Perhaps no student knew Paul Saltman better than Linda Strause, class of 1974, Revelle College. “He was my professor, lab supervisor and years later, my post-doc advisor. He was my lifelong mentor, my second father. Apart from my own father, I have never respected anyone more than I respected Paul. Today, I find myself following in his footsteps. I teach Nutrition at UCSD and I try to inspire my students by sharing my personal insights about Paul. I have known thousands of UCSD students would have benefited tremendously by just knowing him.

“Some people become doctors to heal the sick,” Paul said. “I became a teacher to make people more well, to share with students the pleasure of learning just as other people have shared with me.”

His legacy lives on.

Last year marked the tenth anniversary of Paul Saltman’s passing but his legacy lives on at UCSD in many ways. The Paul D. Saltman Endowed Chair in Science Education was established in 1999 to recognize a distinguished senior member of Biological Sciences faculty for his/her commitment to, and success in teaching science. Professor Robert Schmidt, the current chairholder, says, “It’s a distinct privilege to serve in this role and continue my work in Paul’s name. Paul was my trusted colleague, mentor and confidante and I share his deep passion for educating our next generation of science leaders.”
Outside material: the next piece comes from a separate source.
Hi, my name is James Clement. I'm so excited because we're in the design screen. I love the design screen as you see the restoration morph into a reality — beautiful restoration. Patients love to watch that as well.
Paul SaltmanSix years ago, three Biology student leaders, Marika Orlov, Louis Nguyen and Greg Emmanuel founded a student research journal and named it the Saltman Quarterly in honor of Professor Saltman. They never took his class or even met him in person because he passed before their time. Yet, his legacy inspired them because he personally inspired thousands of UCSD students who came before them. Matthew Croskey, Editor-in-Chief, says, “it’s truly an honor and privilege to carry on this tradition of dedication to learning that Dr. Saltman inspired in so many people…it’s our contribution of keeping his legacy alive and paying it forward for the next generation of UCSD students.”
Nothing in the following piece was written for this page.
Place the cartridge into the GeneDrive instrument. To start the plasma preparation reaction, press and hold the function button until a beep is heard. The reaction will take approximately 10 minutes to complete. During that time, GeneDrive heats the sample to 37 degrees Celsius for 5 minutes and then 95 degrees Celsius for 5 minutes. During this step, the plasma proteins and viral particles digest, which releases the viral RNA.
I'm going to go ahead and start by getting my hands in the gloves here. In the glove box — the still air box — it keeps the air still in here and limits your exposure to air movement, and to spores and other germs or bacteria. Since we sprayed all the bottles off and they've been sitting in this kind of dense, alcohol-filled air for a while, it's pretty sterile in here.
The Division of Biological Sciences created the highly popular Science Matters annual lecture series in 2004. Through Science Matters, our scientists take complex, cutting-edge research, make it easy-to-understand and present it to thousands of San Diegans each year. The annual series is also broadcast to millions of Americans via UC Television and internet broadcasting. Gabriele Wienhausen, Associate Dean for Education and longtime colleague of Paul Saltman’s says, “This program was created in large part as homage to Paul. We hope that it will continue to fulfill his vision and passion for communicating science and sharing scientific knowledge to the greatest extent in our community. Paul was a teacher who inspired every student with whom he came in contact. His love of learning, his enthusiasm for science, his communication skills, made him a role model for students and faculty alike. My tenure here has been enriched by knowing him--by his advice, his personal integrity, his passion for teaching and for life."

Steve Kay, Dean of Biological Sciences, echoes those sentiments and says, “Paul was the kind of teacher, scholar and gentleman one meets perhaps once in a lifetime. His selfless devotion to teaching and mentoring students embodies the essence of our great university and will continue to inspire our biology faculty and students for years to come.”
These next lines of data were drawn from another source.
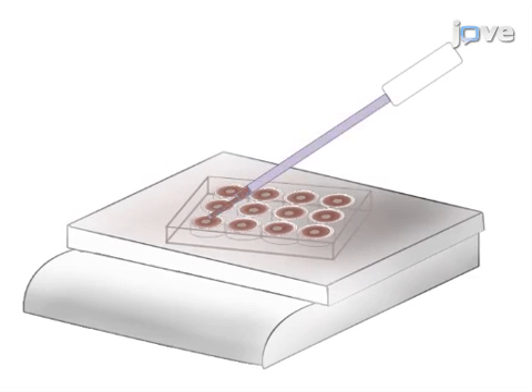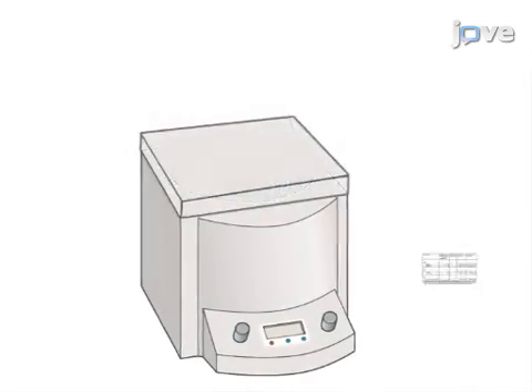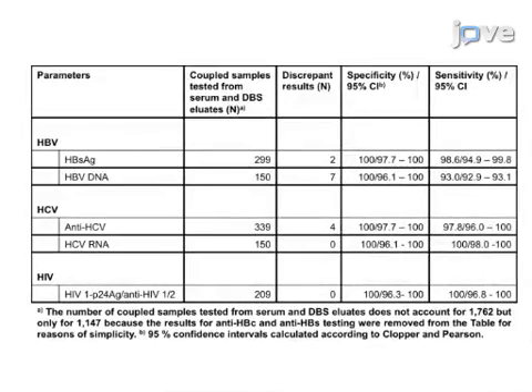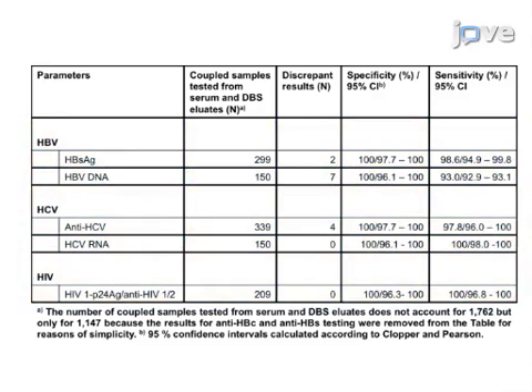The hemolytic eluates are then freed from debris by centrifugation. The final step is to analyze the cleared eluates for serological and molecular markers of infections with the hepatitis B, hepatitis C, and human immunodeficiency viruses by commercially available immunoassays and molecular techniques.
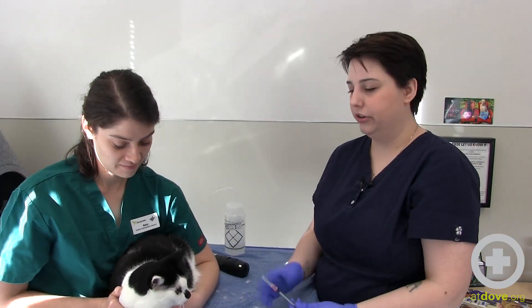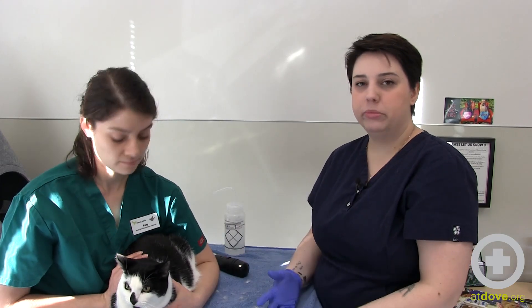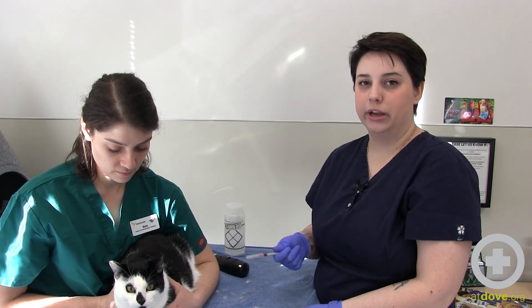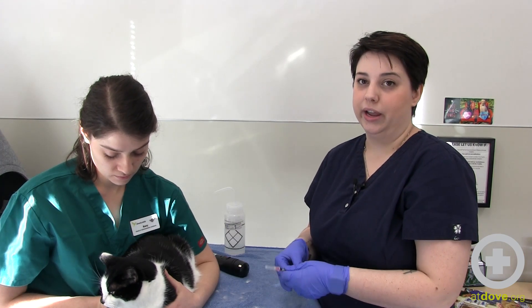Today on Luna we used a 1ml syringe with a 25 gauge needle, but you could draw on a cat with a 3ml syringe with a 21 gauge needle, or you could also use a butterfly syringe. The important thing to remember when drawing on a cat is to draw back slowly, because you don't want to collapse the vein or damage the red blood cells as you are doing it.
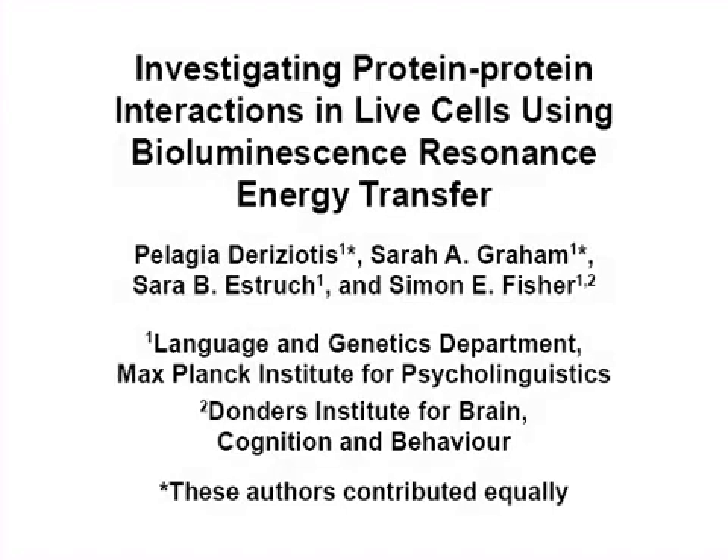The overall goal of the following experiment is to observe the interaction between two proteins in live, cultured cells.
Former University of California President and UCSD Chancellor Richard Atkinson reflects on Paul Saltman’s life and says, Paul was a Renaissance man, whose integrity, scholarly interests, and love of learning were reflected in all he did. He brought incredible honor to UCSD campus and to the entire University of California community."

Saltman once said, “Although we continue to attract many of the world’s greatest scholars, the continual erosion of our revenue from the state is disconcerting.” Though his comments were made more than a decade ago, they resonate strongly with us today in our current budget climate. Ever the optimist, however, Saltman never wavered in his commitment to UCSD, “I think this will always be a great university,” he said.

As we face today’s challenges head on and plan for the future of Biological Sciences at UCSD, we heed Paul Saltman’s words, “The future of America is going to be dependent upon the quality of science education.”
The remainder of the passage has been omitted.